* Exercise objective *
Quote the entries below from the line with "Durf te vragen en vergeet te onderzoeken Durf" through the line with "Altezza delle onde Domsten a febbraio", both ends included, and only those lines.

*** Record set Section Begins ***

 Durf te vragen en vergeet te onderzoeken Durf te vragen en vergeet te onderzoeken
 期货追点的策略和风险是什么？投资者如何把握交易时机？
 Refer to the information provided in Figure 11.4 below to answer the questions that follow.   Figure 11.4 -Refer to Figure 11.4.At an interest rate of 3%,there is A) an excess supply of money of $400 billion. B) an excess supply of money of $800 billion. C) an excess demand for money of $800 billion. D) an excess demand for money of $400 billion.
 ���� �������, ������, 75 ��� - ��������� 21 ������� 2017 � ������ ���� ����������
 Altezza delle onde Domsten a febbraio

*** Record set Section Ends ***
*** Record set Section Begins ***

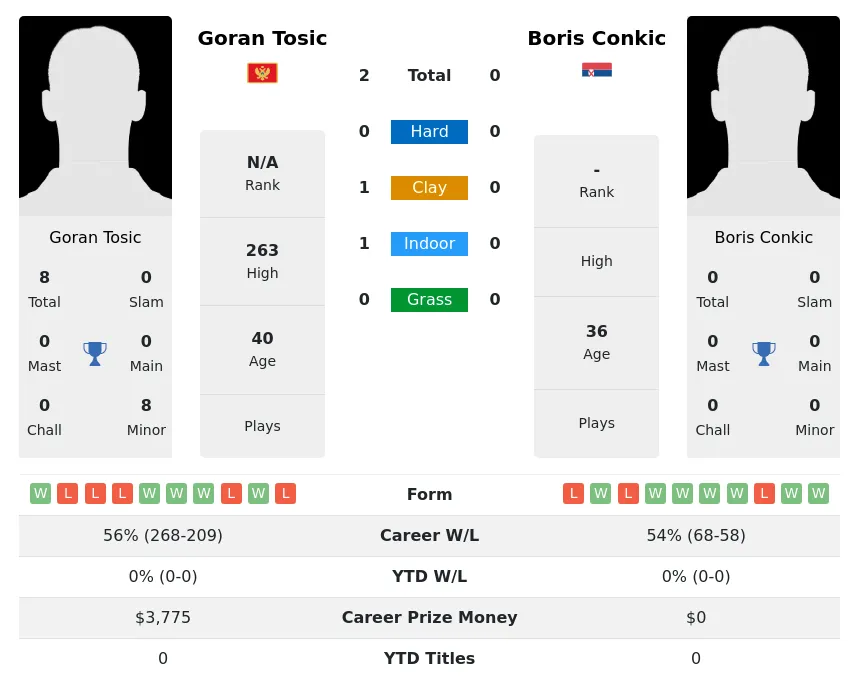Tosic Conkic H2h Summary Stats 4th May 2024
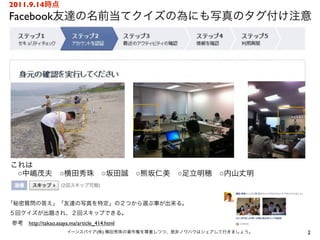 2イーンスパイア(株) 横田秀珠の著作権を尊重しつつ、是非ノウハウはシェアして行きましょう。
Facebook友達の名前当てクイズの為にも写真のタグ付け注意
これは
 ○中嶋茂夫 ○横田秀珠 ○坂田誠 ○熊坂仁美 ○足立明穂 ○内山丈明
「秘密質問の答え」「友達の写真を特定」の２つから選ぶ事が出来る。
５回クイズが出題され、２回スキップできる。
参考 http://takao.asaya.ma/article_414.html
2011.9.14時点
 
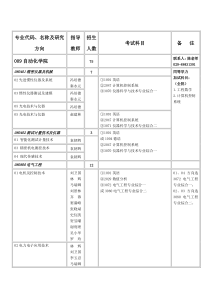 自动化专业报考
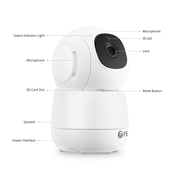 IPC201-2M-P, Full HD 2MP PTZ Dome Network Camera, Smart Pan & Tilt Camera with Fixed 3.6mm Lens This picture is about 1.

*** Record set Section Ends ***
*** Record set Section Begins ***

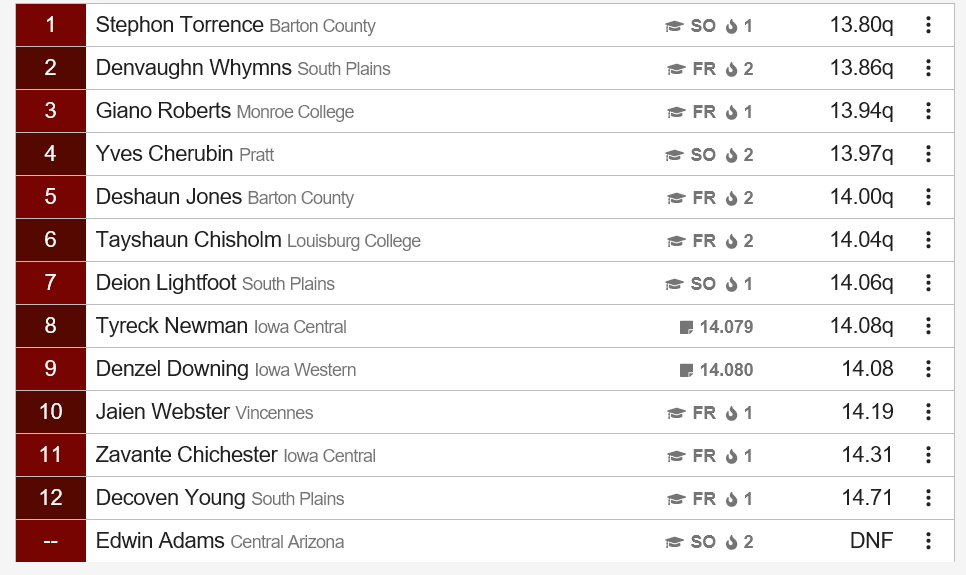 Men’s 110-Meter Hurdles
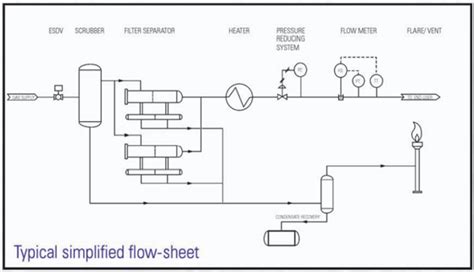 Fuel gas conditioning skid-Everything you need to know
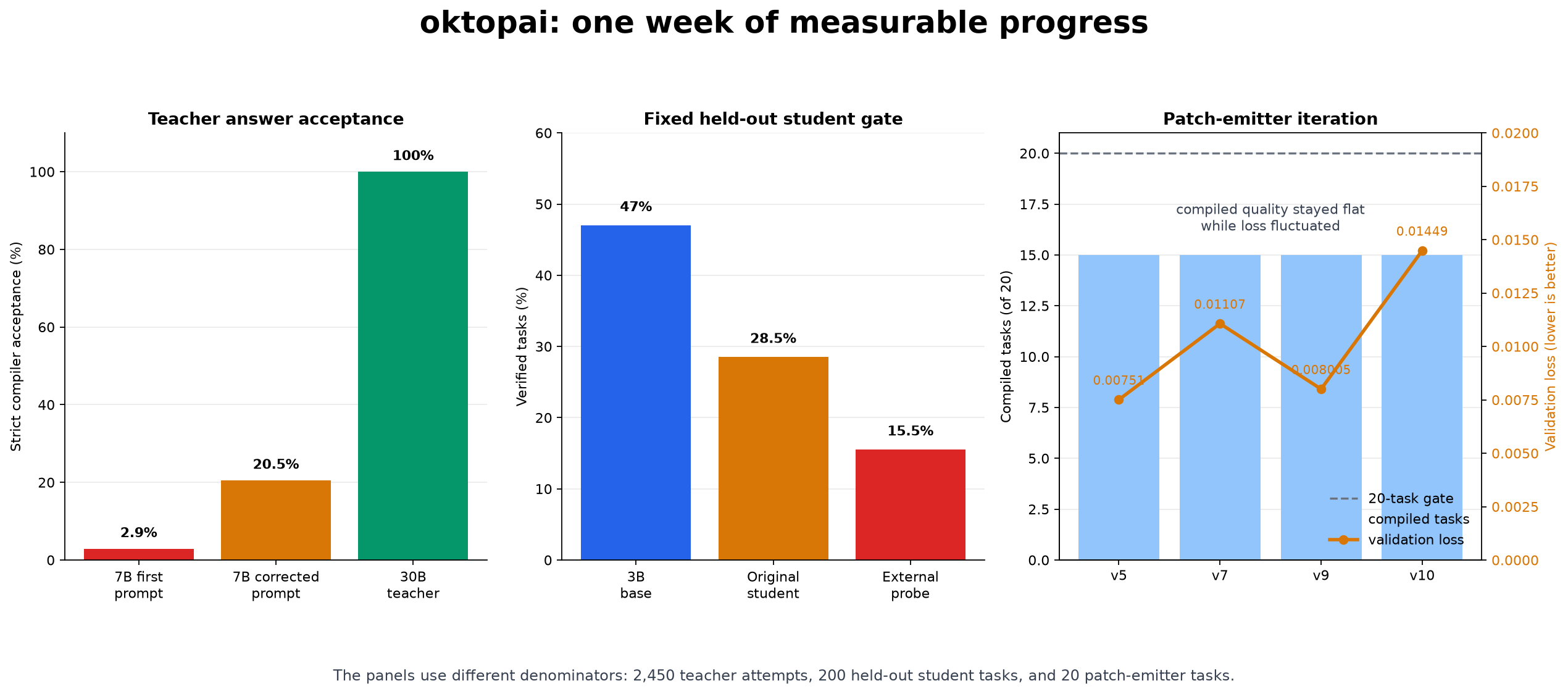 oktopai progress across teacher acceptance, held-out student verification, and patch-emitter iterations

*** Record set Section Ends ***

* Solution to this problem *
 Durf te vragen en vergeet te onderzoeken Durf te vragen en vergeet te onderzoeken
 期货追点的策略和风险是什么？投资者如何把握交易时机？
 Refer to the information provided in Figure 11.4 below to answer the questions that follow.   Figure 11.4 -Refer to Figure 11.4.At an interest rate of 3%,there is A) an excess supply of money of $400 billion. B) an excess supply of money of $800 billion. C) an excess demand for money of $800 billion. D) an excess demand for money of $400 billion.
 ���� �������, ������, 75 ��� - ��������� 21 ������� 2017 � ������ ���� ����������
 Altezza delle onde Domsten a febbraio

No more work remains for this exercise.